The chartered accountant, who began his career at Ernst & Young, reported a 2% drop in like-for-like sales on last year in the crucial Christmas period, the five weeks to 11 January. Sales in the 20 weeks to 18 January were down 3%, below sector analyst forecasts. Sales in its airport outlets and US hotels also fell.
The lower sales led Warren to trim the 2003 year-end pre-tax profit forecasts to £129m-£134m, which will start in October. City analysts also cut forecasts to £118m-£122m.
Today’s interim results are likely to mirror the tumble in profits that took place in April 2002, as WH Smith reported that half-year profits had fallen by more than one third to £63m.
The company admitted it had lost ground to its UK high-street competitors who, in a bid to increase their business, had slashed prices. But it insisted that it had managed to improve profit margins, despite lower sales figures and a gloomy outlook, which it took as a good sign.
Chief executive Richard Handover admitted the retailer had lost 0.5% of book market share to rivals such as Waterstones and Ottakar’s, but stressed the losses were in fiction rather than non-fiction and that they would be recovered.
But he added the company had intentionally gone against the grain. ‘A deliberate decision was taken not to chase unprofitable sales.
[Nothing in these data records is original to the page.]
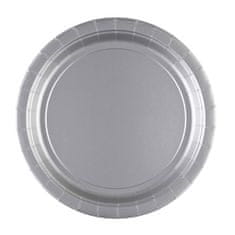 Amscan Papierový tanier 8ks strieborný 22,8 cm -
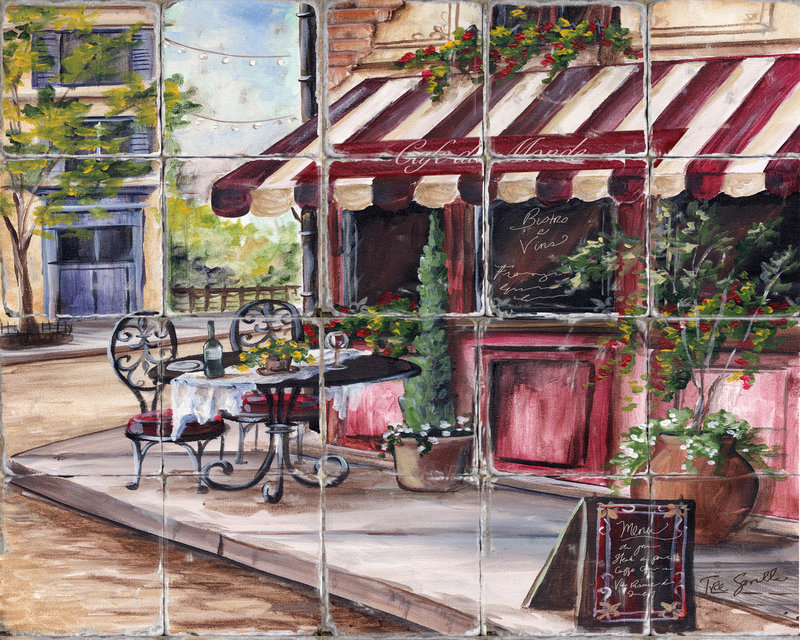 &quot;French Bistro&quot; Printed Tile mural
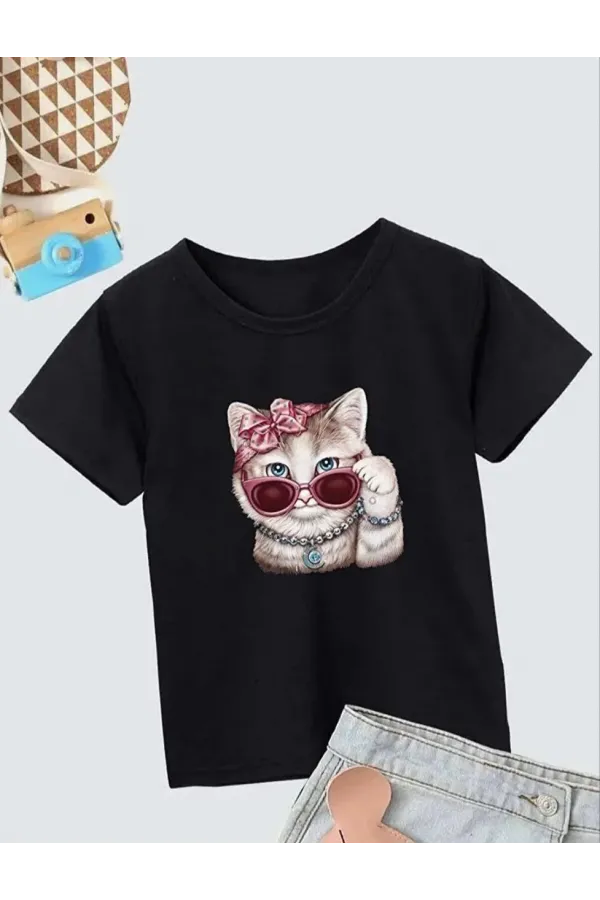 Kız Çocuk Bisiklet Yaka Baskılı T-Shirt - Siyah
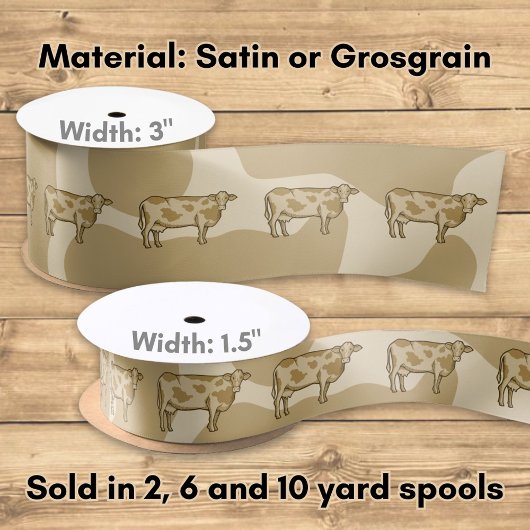 Ruban En Satin Profil de vache Satin Ribbon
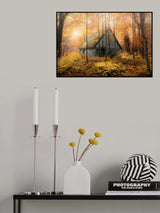 House in the forest during fallseason Poster och Canvastavla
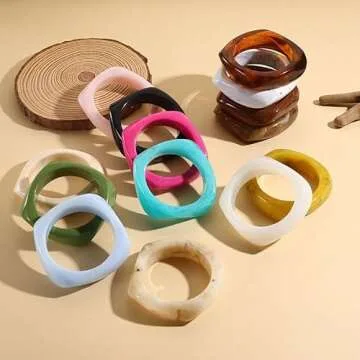 Caiyao Colorful Acrylic Resin Bangle Bracelet for Women
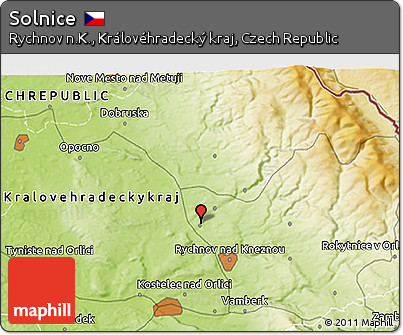 Physical 3D Map of Solnice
The sales performance reflects this tactical position,’ he said.
City analysts were shocked as they saw a drop of 3% drop in like-for-like book sales, while entertainment product sales (music, DVD and VHS) fell 6% over the 20 weeks. Stationery, news and express were all flat.
Nick Bubb, retail analyst at Evolution Beeson Gregory, said: ‘WH Smith is one of those companies that always under-achieves, always disappoints.
Of late profit forecasts have fallen every time the company has reported and it’s a case of deja vu all over again today. The market leader in books can’t afford to lose market share to the specialists like Waterstone’s and Ottakar’s, who both did well last Christmas.’
But Handover maintained that, although annual sales predictions had been cut, WH Smith was on solid ground going forward. ‘Looking ahead, we believe that we have now established a strong operational platform to enable a roll-out of innovative and exciting products with a strengthened value proposition which will allow the business to regain sales momentum,’ he said.